De raadsman heeft aangevoerd dat, nu de Duitse officier van justitie in het bezit blijkt te zijn van print- en tapsverslagen betreffende de mobiele telefoon van zijn cliënt, er kennelijk door de Nederlandse justitie gegevens moeten zijn opgevraagd bij Nederlandse telecom providers. Aldus is er ook in Nederland bewijsmateriaal aanwezig. Bovendien blijkt uit het EAB dat het de bedoeling was dat zijn cliënt de verdovende middelen weer terug in Nederland zou ontvangen, zodat veeleer de Nederlandse en niet de Duitse rechtsorde is verstoord.
Alles afwegend, is de rechtbank van oordeel dat, gezien de door de officier van justitie aangevoerde gronden, zij in redelijkheid tot deze vordering heeft kunnen komen. Er dient dan ook te worden afgezien van de in artikel 13 OLW bedoelde weigeringsgrond.
8. Slotsom
Nu ten aanzien van het feit waarvoor de overlevering wordt gevraagd is vastgesteld dat aan alle eisen is voldaan die de OLW daaraan stelt, dient de overlevering te worden toegestaan.

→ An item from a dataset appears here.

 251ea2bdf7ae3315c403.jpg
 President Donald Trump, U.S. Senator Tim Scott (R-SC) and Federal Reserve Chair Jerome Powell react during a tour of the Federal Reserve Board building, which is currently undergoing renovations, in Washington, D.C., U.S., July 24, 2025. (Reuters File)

9. Toepasselijke wetsartikelen
artikel 47 van het Wetboek van Strafrecht;
de artikelen 2 en 10 van de Opiumwet;
de artikelen 2, 5, 6, 7 en 13 van de OLW.
10. Beslissing
STAAT TOE de overlevering van [opgeëiste persoon] aan de hoofdofficier van justitie (Oberstaatsanwalt) bij de Staatsanwaltschaft Aachen, Bondsrepubliek Duitsland, ten behoeve van het in de Bondsrepubliek Duitsland tegen hem gerichte strafrechtelijke onderzoek naar het feit waarvoor zijn overlevering wordt verzocht.
Aldus gedaan door
mr. E.D. Bonga-Sigmond, voorzit-ter,
mrs. P.B. Martens en A.I. van der Kris, rech-ters,
in tegenwoordigheid van B. de Hoogh, grif-fier,
en uitgesproken ter openbare zitting van 18 augustus 2006.
Ingevolge artikel 29, tweede lid, van de OLW staat tegen deze uitspraak geen gewoon rechtsmiddel open.